Angesichts solcher Meldungen fast trotzig mutet an, wenn das EHI darauf hinweist, dass der stationäre Handel in Deutschland mit annähernd 90% Marktanteil immer noch die absolut dominierende Vertriebsform ist. Allein die Top 3 machten mit 62,8 Mrd. Euro zusammen mehr Umsatz als der gesamte Onlinehandel (56 Mrd. Euro). Möglicherweise irritierend sind für die Stationären dennoch Forschungsergebnisse aus den USA, nach denen Läden ohne Ware besser verkaufen: Showroom-Konzepte wie Bonobos verzeichneten um bis zu 60 Prozent höhere Durchschnittsbons, so eine Studie der Wharton School.
Nun hat sich diese Woche mit Richard David Precht auch noch ein Philosoph in die Debatte eingemischt. Nach einem Schaufensterbummel in Solingen befand der Bestseller-Autor, dass der Onlinehandel schuld an dem traurigen Bild der Innenstädte haben und durch höhere Steuern aufgehalten werden müsse. Das veranlasste unseren Mann aus der Mönchengladbacher Webschulstraße, Prof. Gerrit Heinemann zu einer Replik in Etailment. Tenor: Handel ist Wandel. Online sei nicht der Verursacher, sondern eher der Beschleuniger für jahrelange Fehlentwicklungen in der Kommunalpolitik, die Fachmarkt- und Einkaufszentren in der Peripherie begünstigt habe. Der Innenstadtbesuch sei aus Kundensicht in der Regel das Gegenteil von Faszination und Kommunikation, sondern überwiegend purer Stress. Was die eigentliche Ursache für Frequenzrückgang und Ladensterben sei. Statt dem Traum einer Shoppingstadt hinterherzulaufen, sollten die Kommunen lieber dringend benötigten Wohnraum erlauben, meint Heinemann. „Lieber schöne Schlafstädte mit bezahlbaren Mieten statt hässliche Einkaufsstädte mit leerstehenden Läden und Wohnungsmangel.“
Zitiert werden in diesen Tagen ferner immer wieder Studienergebnisse, nach denen Unternehmen mit Frauen im Management erfolgreicher seien als jene mit ausschließlich männlichen Geschäftsführungen. Was hätte aus Zalando nur alles werden können, wenn wenigstens einer der Gründer eine Frau gewesen wäre? Und hätten Asos’ Logistikprobleme (derentwegen der Online Retailer diese Woche einen Gewinneinbruch vermelden musste) vermieden werden können, wenn… aber vielleicht waren da ja sogar Frauen involviert, wir wissen es nicht.
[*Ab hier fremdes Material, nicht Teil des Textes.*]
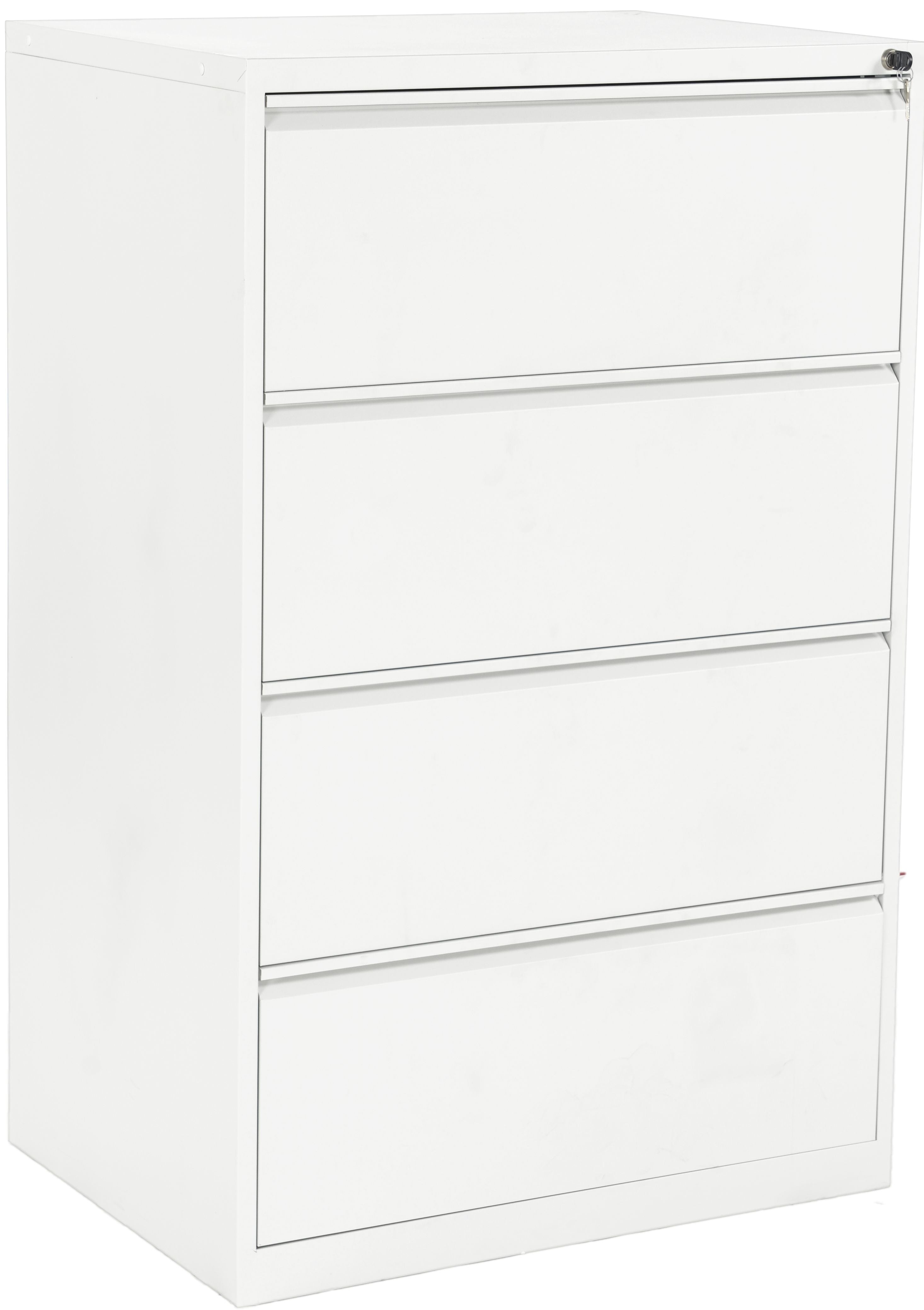 Edgy HR-Schrank 3424/9003 – Aktenschrank, 4 Schubladen, abschliessbar, Stahl, Weiss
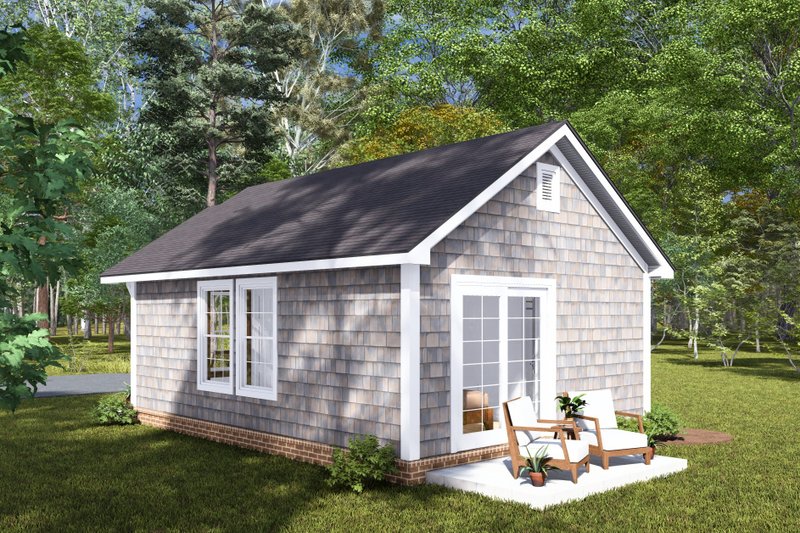 Architectural House Design - Exterior - Rear Elevation for Cottage House Plan #513-2277 - 1 bed, 1 bath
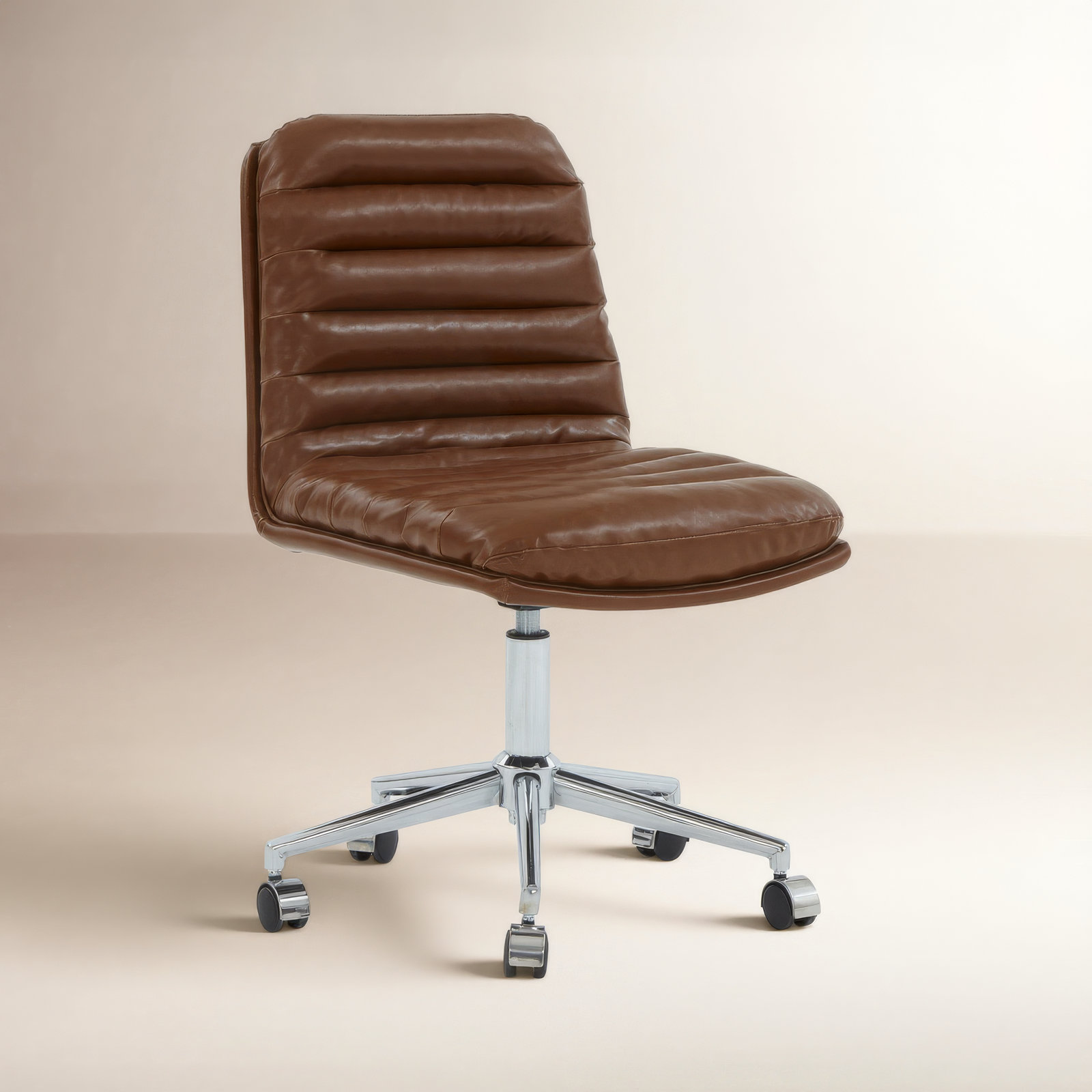 Ashia Swivel Office Chair, Brown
Im Ernst: Wenn Zalando nun eine Frauenquote auf den sechs oberen Managementebenen einführt, dann ist das natürlich in allererster Linie Kosmetik, die auf die Kundenmeinung, das Arbeitgeberimage und die Börse wirken soll. Aber weil das alles Faktoren sind, die auf den wirtschaftlichen Erfolg des Unternehmens einzahlen, ist es wohl eine richtige Entscheidung.